Britain's top shares rallied on Wednesday as hopes for further economic stimulus and support for debt-stricken Greece boosted appetite for riskier banking and commodity stocks.

Banks and miners , which have shed around a third of their value in 2011, gained as the International Monetary Fund's European Department Director Antonio Borges said the IMF would definitely participate in a second bailout package for Greece if the Washington-based lender was happy about the country's determination to solve its debt problems.

That followed Tuesday's announcement that European finance ministers had agreed to safeguard their lenders, which came shortly after Franco-Belgian municipal lender Dexia SA was bailed out.

U.S. Federal Reserve Chairman Ben Bernanke's assurance on Tuesday that the Fed would step in to boost a flagging recovery added fuel to hopes that policymakers on both sides of the Atlantic were finally getting to grips with the severity of the problems facing the global economy.

Focus will now switch to a meeting of the European Central Bank governing body on Thursday, where Goldman Sachs said it expects further action.

Further liquidity measures would show that the ECB has temporarily abandoned its policy of reducing bank dependence on its funding, the broker said.

Practically, banks do not have other options, and we expect usage to increase sharply.
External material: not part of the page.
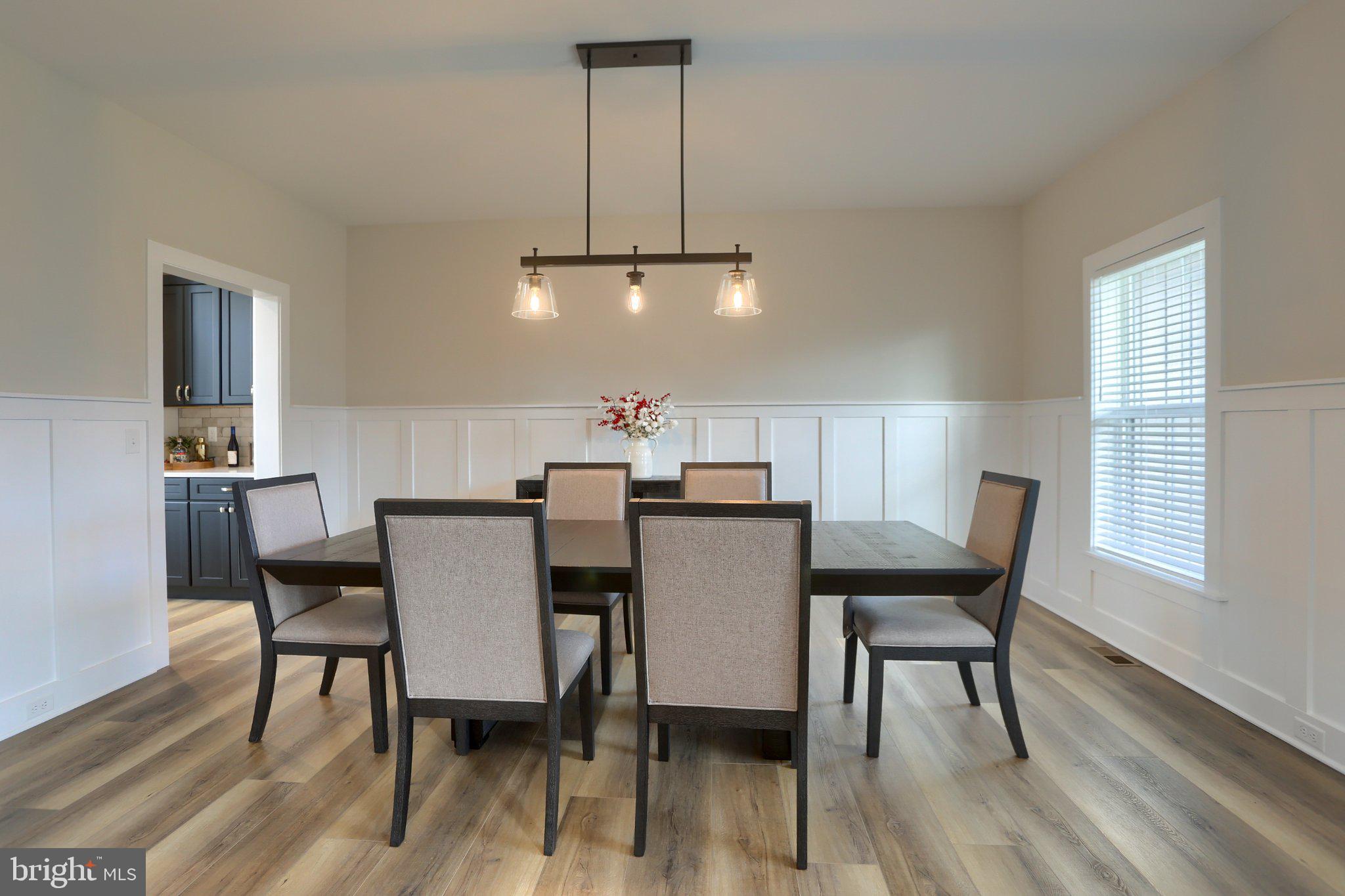 SUMMER LAYNE - Residential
We view this as necessary.

London's blue-chip index had risen 113.26 points, or 2.3 percent, to 5,057.70 by 1112 GMT, having shed more than 3 percent over the previous two trading days.

The UK's benchmark index received further support as U.S. futures reversed to indicate a stronger opening on Wall Street, with traders citing talk of corporate M&A activity and the hope for decent U.S. job numbers from the ADP National Employment survey, due at 1215 GMT.


Retailers missed out on the rally as downbeat updates from several among them gave a stark reminder of the challenges.

Top British retailer Tesco Plc posted one of its biggest-ever falls in underlying sales, while rival J Sainsbury Plc reported only modest growth.

Mothercare plunged more than 35 percent after warning its full-year results would be hit by deteriorating UK sales as British consumers reined in spending.

The UK sales have been weak for some time, being rescued by overseas expansion. UK expectations have been written down and written down, so to be 'well below' expectations is serious, a London-based trader said.

In the current environment, statements like that, especially in the consumer-facing sector, are taken very badly.

Mid-cap British youth fashion retailer SuperGroup slumped 23 percent after it said full-year profit would be hit by problems with a new warehouse management system.

And Europe's largest regional airline Flybe tumbled 40 percent after saying there was a significant slowdown in sales across its UK domestic network in September.

UBS said it expected the Bank of England to relaunch its quantitative easing programme in the coming weeks, focused on gilt purchases, but remained concerned that it showed a lack of understanding of the challenges facing consumers.

Monetary policy is loose in terms of policy rates but very tight for real-world borrowers -- because of regulatory actions.

There were mixed messages on the economic data front as UK services PMI data surprised on the upside but official data showed the British economy grew less than expected in the second quarter.

This latest UK GDP announcement is far from encouraging ... There's no denying that we're still a long way from true economic recovery, said David Garbacz, senior sales trader at Star Financials.